Soviet Daughter addresses the Jewish experience over several generations in the Soviet Union. Anti-Semitism appears throughout — in its most deadly manifestations, such as the Babi Yar massacre, and in bureaucratic forms (quotas and restrictions on Jewish students in university). But anti-Semitism isn’t confined to the Soviet Union, and in the U.S., Julia is encouraged by her mother to keep her Judaism secret. Lola, meanwhile, professes a brand of atheism with a belief in the typically Russian notion of “fate.” As she matures and reaches university, Julia encounters a plurality of Jewish religious expression that helps her reapproach Judaism on her own terms.
The mixed-memoir format of Soviet Daughter presents many questions: When does one insert historical events? How does one present documentary material? Alekseyeva makes interesting editorial decisions in response to the unique challenges of the material. Soviet Daughter becomes an act of interpretation and translation. Through her great grandmother’s voice, Julia imagines Lola’s world — one that is, at times, immensely foreign, and sometimes, especially when it comes to the two women’s shared activism, zeitgeist and personality — intimately familiar.

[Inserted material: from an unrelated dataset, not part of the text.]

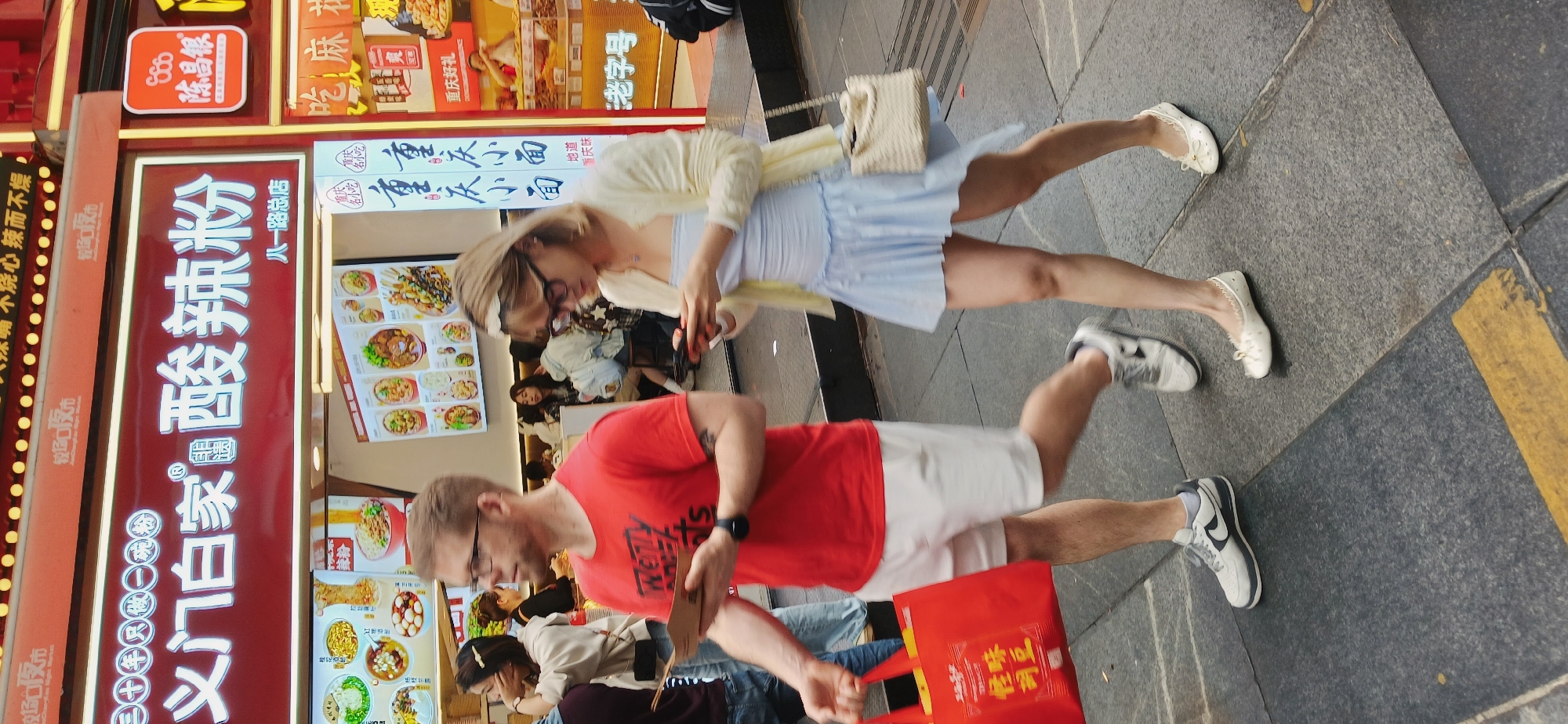 The image captures a street scene in Yuzhong District, China, featuring two pedestrians passing in front of a food stall or restaurant. A man wearing a red t-shirt and white shorts walks on the right-hand side, holding a red shopping bag and looking at his phone. Beside him, a woman in a light blue dress and cardigan is also looking at her phone. Both of them are walking on a paved sidewalk next to the restaurant. The restaurant is lined with food advertisements and Chinese text, indicating the offerings of a local establishment. Behind the pedestrians, through the windows of the restaurant, other people can be seen sitting and eating at tables. The scene is captured during the daytime.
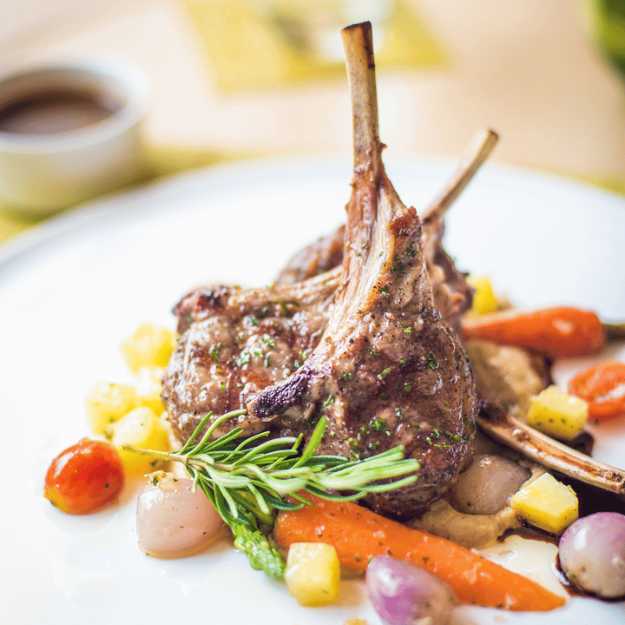 Lamb chops displayed on a plate with veggies.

Midway through the novel, Julia visits Lola at an elderly care center. Alekseyeva shows Lola getting up to look through a window, as she draws her great-grandmother’s form in a notebook. The older generation looks out while the younger generation listens. Lola remembers, and Julia reframes and reconstructs from many different angles, the two women connecting and finding a common language across time. It is perhaps this scene that captures the delicate dynamics of Soviet Daughter best. We see pages within the page: Julia’s notebook opens outward to show different pencil drawings of Lola, facing forward, facing away.